Records from a data source
- - -

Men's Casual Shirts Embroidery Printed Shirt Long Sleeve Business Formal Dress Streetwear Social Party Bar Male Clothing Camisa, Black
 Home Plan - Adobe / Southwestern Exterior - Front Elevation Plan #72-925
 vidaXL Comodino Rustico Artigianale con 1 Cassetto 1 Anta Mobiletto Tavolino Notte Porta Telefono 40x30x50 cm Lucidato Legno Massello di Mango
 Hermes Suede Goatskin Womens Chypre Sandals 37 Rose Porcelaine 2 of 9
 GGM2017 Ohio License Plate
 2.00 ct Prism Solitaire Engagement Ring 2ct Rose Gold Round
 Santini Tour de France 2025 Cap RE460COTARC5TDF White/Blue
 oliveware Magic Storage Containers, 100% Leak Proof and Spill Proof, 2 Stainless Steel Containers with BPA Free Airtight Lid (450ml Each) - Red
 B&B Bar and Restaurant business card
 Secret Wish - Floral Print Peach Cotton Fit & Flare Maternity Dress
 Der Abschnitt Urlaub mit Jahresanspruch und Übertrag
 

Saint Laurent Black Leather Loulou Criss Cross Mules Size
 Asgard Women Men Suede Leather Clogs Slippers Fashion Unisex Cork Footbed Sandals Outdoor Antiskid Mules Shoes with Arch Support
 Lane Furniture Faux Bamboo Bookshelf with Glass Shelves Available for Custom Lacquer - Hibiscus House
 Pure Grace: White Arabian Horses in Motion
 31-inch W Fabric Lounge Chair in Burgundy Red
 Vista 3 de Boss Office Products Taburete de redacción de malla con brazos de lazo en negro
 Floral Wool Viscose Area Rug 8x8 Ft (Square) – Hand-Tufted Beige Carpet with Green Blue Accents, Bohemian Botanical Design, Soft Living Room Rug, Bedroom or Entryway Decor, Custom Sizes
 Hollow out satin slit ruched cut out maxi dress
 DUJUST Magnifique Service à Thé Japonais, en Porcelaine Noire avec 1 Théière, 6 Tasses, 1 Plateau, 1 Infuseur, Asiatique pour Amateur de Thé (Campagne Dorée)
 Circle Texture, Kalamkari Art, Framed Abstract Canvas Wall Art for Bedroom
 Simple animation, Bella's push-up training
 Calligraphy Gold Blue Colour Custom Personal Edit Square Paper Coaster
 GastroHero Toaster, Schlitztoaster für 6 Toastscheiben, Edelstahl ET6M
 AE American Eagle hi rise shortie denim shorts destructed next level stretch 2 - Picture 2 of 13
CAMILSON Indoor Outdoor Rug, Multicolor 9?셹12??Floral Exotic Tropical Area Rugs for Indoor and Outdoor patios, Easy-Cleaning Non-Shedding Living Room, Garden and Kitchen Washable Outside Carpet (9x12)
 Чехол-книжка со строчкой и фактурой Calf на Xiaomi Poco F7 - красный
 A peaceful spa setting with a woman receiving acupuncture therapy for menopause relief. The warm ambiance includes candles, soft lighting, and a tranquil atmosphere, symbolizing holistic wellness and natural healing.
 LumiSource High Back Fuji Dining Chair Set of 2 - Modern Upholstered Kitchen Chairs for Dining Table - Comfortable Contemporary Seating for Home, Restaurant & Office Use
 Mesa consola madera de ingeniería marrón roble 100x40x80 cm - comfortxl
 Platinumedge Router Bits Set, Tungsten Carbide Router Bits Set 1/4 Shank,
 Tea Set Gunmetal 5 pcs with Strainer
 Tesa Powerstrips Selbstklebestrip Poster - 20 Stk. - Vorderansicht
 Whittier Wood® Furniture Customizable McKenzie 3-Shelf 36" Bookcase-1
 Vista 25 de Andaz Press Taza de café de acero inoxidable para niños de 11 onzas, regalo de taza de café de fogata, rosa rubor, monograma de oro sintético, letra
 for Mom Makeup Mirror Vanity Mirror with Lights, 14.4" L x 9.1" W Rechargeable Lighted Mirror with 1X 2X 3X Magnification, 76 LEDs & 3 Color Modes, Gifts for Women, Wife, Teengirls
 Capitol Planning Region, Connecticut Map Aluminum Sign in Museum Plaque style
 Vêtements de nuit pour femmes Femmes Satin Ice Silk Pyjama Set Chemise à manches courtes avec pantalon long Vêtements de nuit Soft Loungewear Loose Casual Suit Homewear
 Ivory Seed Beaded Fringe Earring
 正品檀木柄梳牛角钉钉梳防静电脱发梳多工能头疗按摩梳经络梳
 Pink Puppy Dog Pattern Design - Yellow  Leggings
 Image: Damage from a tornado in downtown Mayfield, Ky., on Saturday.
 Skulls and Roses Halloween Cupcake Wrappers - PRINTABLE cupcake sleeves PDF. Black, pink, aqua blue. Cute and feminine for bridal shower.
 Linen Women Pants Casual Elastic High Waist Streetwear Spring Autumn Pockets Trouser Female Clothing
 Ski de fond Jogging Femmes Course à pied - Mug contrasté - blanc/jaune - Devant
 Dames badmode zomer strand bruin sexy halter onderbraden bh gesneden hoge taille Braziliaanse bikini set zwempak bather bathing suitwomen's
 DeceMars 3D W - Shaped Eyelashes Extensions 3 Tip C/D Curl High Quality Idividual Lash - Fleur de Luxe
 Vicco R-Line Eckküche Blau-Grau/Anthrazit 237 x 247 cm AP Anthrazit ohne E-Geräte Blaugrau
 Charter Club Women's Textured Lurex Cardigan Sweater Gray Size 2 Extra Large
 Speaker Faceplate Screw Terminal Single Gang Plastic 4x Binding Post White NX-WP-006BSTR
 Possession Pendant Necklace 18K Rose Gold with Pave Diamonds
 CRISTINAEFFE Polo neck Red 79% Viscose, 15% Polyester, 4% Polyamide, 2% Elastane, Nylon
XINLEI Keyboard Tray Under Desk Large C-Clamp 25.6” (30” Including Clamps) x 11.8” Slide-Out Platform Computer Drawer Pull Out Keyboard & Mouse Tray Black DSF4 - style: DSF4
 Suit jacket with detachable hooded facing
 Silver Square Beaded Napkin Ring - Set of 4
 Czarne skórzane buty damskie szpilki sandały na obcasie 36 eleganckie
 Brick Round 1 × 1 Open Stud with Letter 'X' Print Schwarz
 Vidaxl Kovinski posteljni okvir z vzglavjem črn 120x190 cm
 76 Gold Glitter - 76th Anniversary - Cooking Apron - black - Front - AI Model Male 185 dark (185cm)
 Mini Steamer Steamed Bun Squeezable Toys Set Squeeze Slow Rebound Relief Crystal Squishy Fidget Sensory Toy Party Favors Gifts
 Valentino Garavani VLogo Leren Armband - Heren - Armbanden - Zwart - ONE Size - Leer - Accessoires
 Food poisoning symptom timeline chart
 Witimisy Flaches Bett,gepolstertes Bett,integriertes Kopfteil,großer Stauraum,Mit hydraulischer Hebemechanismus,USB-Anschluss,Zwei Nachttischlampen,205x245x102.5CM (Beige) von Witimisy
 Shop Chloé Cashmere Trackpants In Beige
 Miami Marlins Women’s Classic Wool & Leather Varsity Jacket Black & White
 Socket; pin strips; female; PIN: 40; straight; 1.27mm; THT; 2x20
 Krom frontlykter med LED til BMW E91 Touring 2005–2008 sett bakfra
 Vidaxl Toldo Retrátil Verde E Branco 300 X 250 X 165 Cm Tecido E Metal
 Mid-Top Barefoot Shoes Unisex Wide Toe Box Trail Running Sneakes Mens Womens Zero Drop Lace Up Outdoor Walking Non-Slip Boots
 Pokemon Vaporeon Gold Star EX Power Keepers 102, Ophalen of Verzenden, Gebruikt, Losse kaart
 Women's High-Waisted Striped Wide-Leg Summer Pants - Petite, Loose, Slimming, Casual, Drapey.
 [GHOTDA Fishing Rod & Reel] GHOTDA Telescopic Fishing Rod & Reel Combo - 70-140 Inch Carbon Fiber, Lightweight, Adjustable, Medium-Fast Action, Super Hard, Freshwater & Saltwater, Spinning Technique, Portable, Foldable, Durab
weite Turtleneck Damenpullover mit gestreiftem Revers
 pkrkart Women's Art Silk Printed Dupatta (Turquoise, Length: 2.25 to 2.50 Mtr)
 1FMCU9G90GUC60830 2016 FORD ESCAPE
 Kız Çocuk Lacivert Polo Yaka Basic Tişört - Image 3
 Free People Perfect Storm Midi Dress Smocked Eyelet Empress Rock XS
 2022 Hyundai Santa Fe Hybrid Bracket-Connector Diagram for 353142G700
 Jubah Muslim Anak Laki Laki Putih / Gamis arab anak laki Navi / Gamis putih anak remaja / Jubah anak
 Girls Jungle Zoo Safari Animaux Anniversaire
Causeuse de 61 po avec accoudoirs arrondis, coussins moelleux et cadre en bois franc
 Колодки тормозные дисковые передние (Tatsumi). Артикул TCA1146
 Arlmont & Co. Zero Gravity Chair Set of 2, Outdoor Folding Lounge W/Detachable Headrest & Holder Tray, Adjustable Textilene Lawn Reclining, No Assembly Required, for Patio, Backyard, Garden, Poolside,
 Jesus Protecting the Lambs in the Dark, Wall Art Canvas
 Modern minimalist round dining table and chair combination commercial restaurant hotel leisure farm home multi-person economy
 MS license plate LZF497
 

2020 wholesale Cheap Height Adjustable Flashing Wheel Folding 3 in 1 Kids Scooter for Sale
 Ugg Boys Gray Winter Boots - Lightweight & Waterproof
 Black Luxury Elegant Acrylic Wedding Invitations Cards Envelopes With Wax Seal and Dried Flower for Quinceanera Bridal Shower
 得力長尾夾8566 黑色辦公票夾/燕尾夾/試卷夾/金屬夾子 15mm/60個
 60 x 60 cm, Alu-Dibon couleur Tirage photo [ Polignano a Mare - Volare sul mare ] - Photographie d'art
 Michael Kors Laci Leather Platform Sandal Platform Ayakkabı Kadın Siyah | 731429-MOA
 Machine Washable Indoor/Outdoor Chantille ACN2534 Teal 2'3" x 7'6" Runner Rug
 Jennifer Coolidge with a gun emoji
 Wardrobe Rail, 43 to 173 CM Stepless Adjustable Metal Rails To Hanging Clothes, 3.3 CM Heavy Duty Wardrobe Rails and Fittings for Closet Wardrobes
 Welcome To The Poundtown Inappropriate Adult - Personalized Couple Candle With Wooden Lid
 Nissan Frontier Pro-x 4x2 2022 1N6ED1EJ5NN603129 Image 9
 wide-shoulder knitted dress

- - -

- [AIM OF THE TASK] Show the lines above that include "Gifts".

- [ANSWER BOX]
 for Mom Makeup Mirror Vanity Mirror with Lights, 14.4" L x 9.1" W Rechargeable Lighted Mirror with 1X 2X 3X Magnification, 76 LEDs & 3 Color Modes, Gifts for Women, Wife, Teengirls
 Mini Steamer Steamed Bun Squeezable Toys Set Squeeze Slow Rebound Relief Crystal Squishy Fidget Sensory Toy Party Favors Gifts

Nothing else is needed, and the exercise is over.